Find the equations of both lines through the point (2,-3) that are tangent to the parabola y=(x^2)+x

Homework Equations

The Attempt at a Solution

Took the derivative and got a slope of 5 and the slope of the normal line being -1/5, but the answer was marked wrong. How do I do this?

Two equations I got
y=-(1/5)x-(13/5)
y=5x-13

 

[ElijahRockers]

Choose a point (a,y(a)). A line that goes through this point, AND the given point must have a slope of \frac{y(a) - (-3)}{a - 2} Also, the slope at point 'a' can be given by the derivative of the function.
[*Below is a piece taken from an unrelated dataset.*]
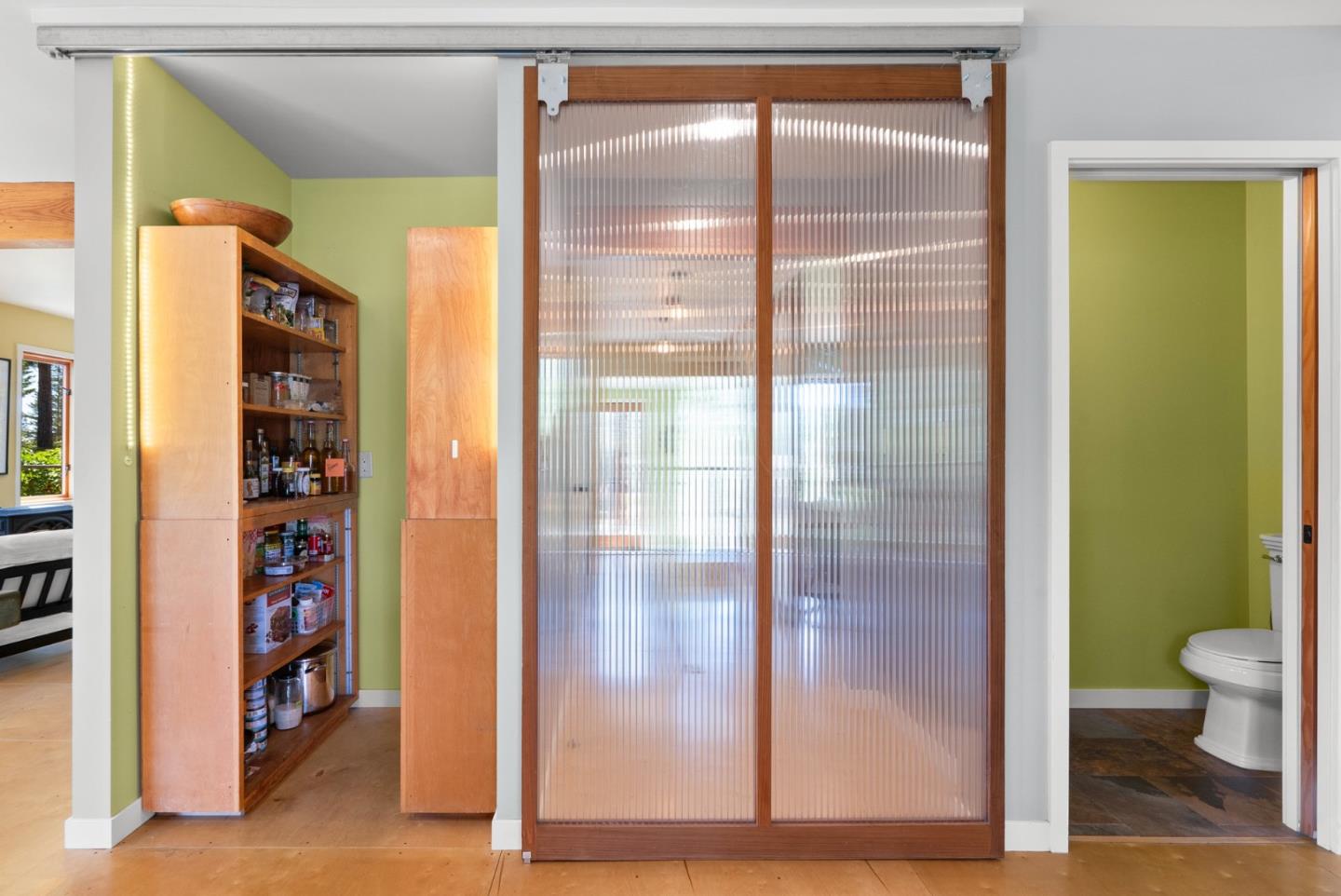 Detail Gallery Image 20 of 91 For 280 Azalea Ln, Santa Cruz,  CA 95060 - 3 Beds | 2/1 Baths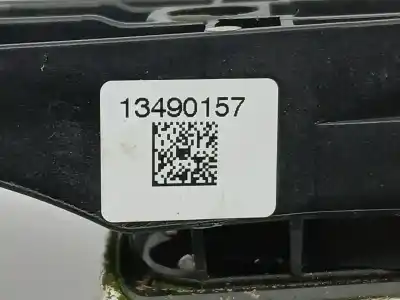 Peça sobressalente para automóvel em segunda mão puxador exterior traseiro esquerdo por opel corsa e selective referências oem iam 13490157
This gives you two equal expressions for the slope in terms of a. It will be a quadratic equation. The roots will be the x values at which the lines intersect the parabola.

 

[SammyS]

What do you mean? "both lines"

One of your lines is tangent to the parabola at (2, -3) .

The other is normal to the parabola at (2, -3) .

 

[ElijahRockers]

What do you mean? "both lines"

One of your lines is tangent to the parabola at (2, -3) .

The other is normal to the parabola at (2, -3) .

Actually I think it's tangent to the parabola at (2, 6)

 

[SammyS]

Actually I think it's tangent to the parabola at (2, 6)

Ha!

Yup, the parabola doesn't pass through (2, -3) ! DUH